Dejó ese halo de felicidad que inunda. Que provoca oleajes de interior e incluso te moja los tobillos mientras sonríes, das un trago a la cerveza y miras alrededor. No es nada excepcional: Un decorado simple, unas gradas recogidas, tenderetes y el latido.
El latido es constante, bombea. Y no se da en todos los sitios por muy espectacular y mediático que se quiera hacer. Eso lo suele provocar la gente, cuando el artista sabe trastear el borne adecuado.
Supongo que también lo hace la gente que allí asiste. Es en realidad como esa mezcla perfecta de sabores, o la piel que hace que el perfume huela así; distinto en cada cuerpo.

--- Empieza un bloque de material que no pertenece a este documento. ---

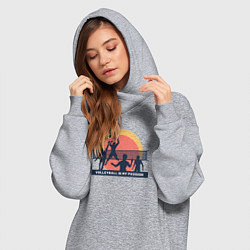 Женское худи-платье Волейбол моя страсть, цвет: меланж — фото 2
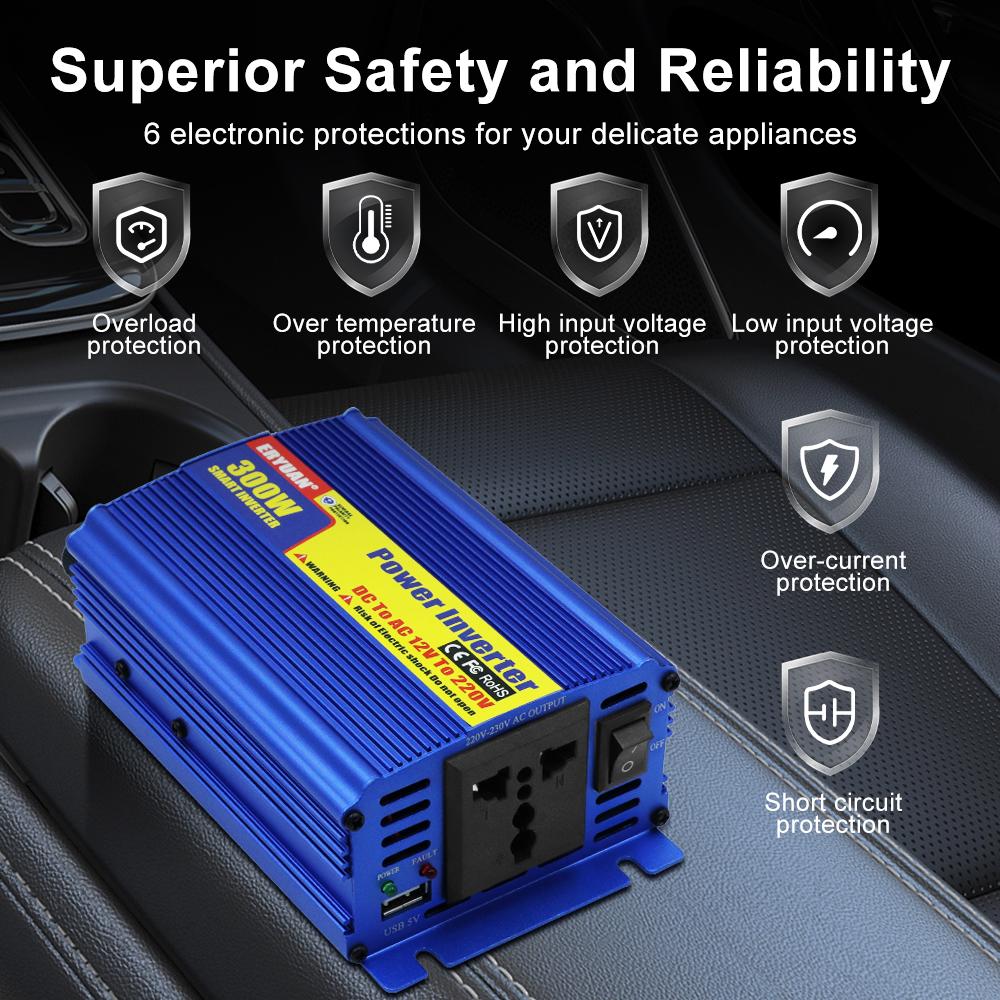 Car Power Inverter For SUV RV Truck Trailer Multifunctional Battery Converter 300W Multi-scenario Use Auto Power Supply Inverter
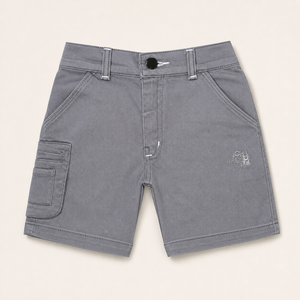 Boys grey above-knee cargo shorts front view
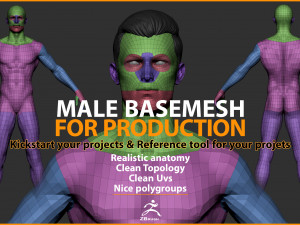 male basemesh for production 3D Модель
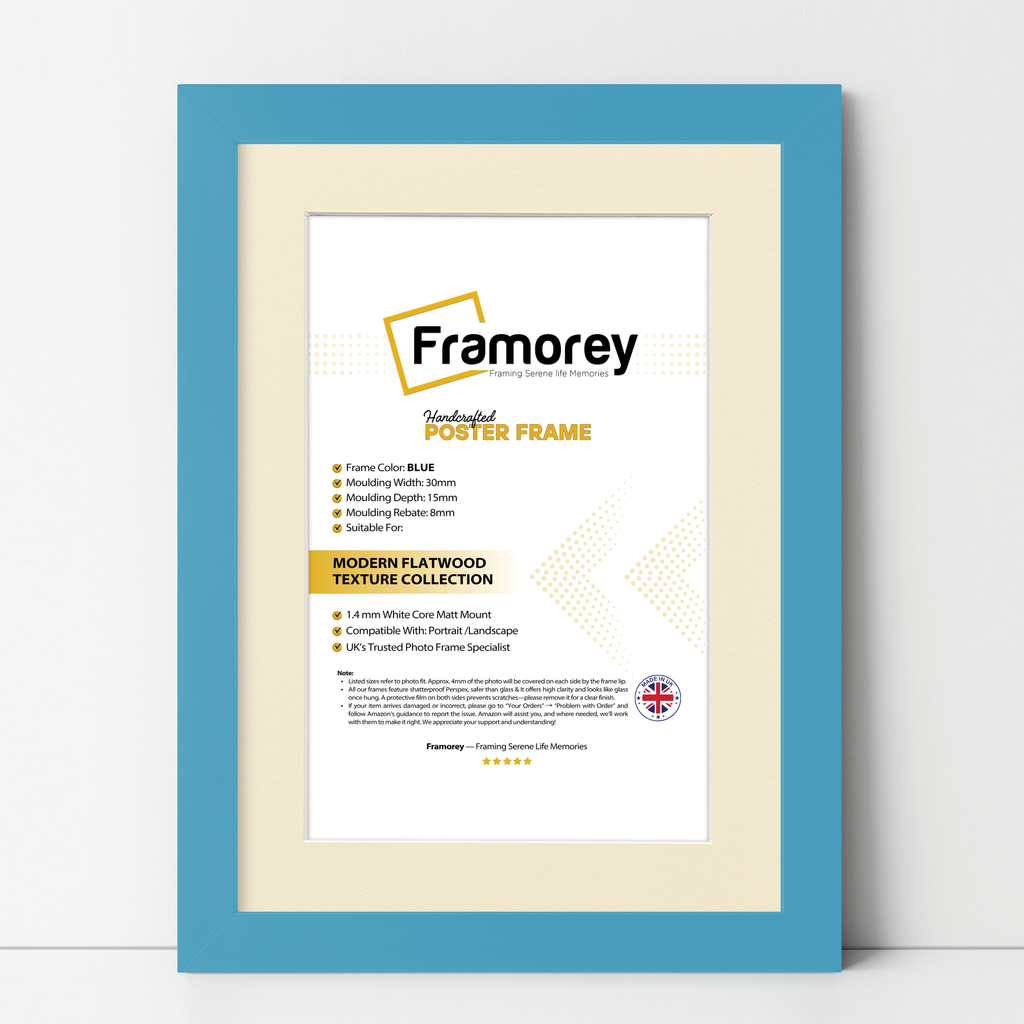 Blue Picture Frame with Ivory mount Wall Decor Frames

Por eso, cuando THE WAVE PICTURES subieron al escenario para poner el broche a la velada, lo hicieron con una sonrisa que parecía crear esa aureola digna de la aparición de la santa. Felices como nunca los había visto en otras dos ocasiones, y creo que con esa condición indispensable que hace que uno sepa que la noche va a ser grande; nada puede fallar ya.

El trío de Londres, trotadores de clubs, garitos y mil rincones. Son de esas bandas que se han ganado las habichuelas por mérito propio, mucho trabajo, y por hacedores incansables de canciones. Lo que se dice cocina de aprovechamiento donde nada se tira, e incluso con lo que para otros serían sobras, para ellos son himnos.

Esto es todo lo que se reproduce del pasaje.